Friday 13 January 2012


In Edge Street with a kir pondering the first week back - hard to imagine that this time last Friday I was stirring butternut squash soup and lemon marmelade in my quiet haven in the West while working what time to set the alarm for my ride out of the Frome Valley.

The SPEEC conference in Oxford on Saturday (http://www.music.ox.ac.uk/speec/index.html) was a gentle and thought-provoking affair. Quietly directed by Chris Garrard, I glimpsed a parallel world of academics and performers / artists trying in their own ways to answer the same questions - the relationship between the brain and the body in aesthetic experience, how to balance process / research / serenditpity and outcome / intent / performance, how (or whether) to capture the experience, how (or whether) to try to intervene in the worlds of sight and of sound (and what about scent, touch, taste?),  the tension between the maker / performer, the market / gallery / concert hall programmers / funders and the audience (live or virtual). I am wondering whether it might be possible to set up some sort of exchange / conversation about research by practice in sound and visual arts - would be wonderful!

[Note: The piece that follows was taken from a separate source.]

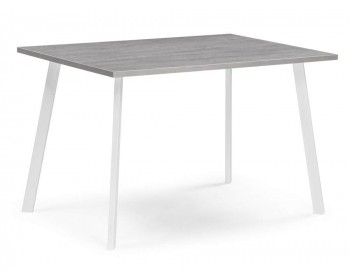 Обеденный стол Тринити Лофт 120х80х75 25 мм бетон / белый матовый деревянн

Chris had kindly set up the singing bowls in the Committee Room along with a slide projector. I gave a brief introduction to my work and introduced Chris who showed a section of the film we made together to a full house with lots of questions. Later in the day, an academic from Oslo who had been working on texture and sound introduced himself and sent over some fascinating papers about their work - he seemed interested in setting up a joint project. Perhaps in the summer...? I also met two men with very different approaches to capturing the sound world - one seems to play sound through a space and record the echo and extracts rhythms to create new patterns, the other seems to play a sound into a space and, from the echo, creates an accoustic 'map' of the space - so it is possible to play a sound and work out what it would sound like from within the space. We agreed to spend a day playing together - to be continued... And the dress, chosen with my aunt and part-sponsored by my globe-trotting mother - was just the ticket ;-)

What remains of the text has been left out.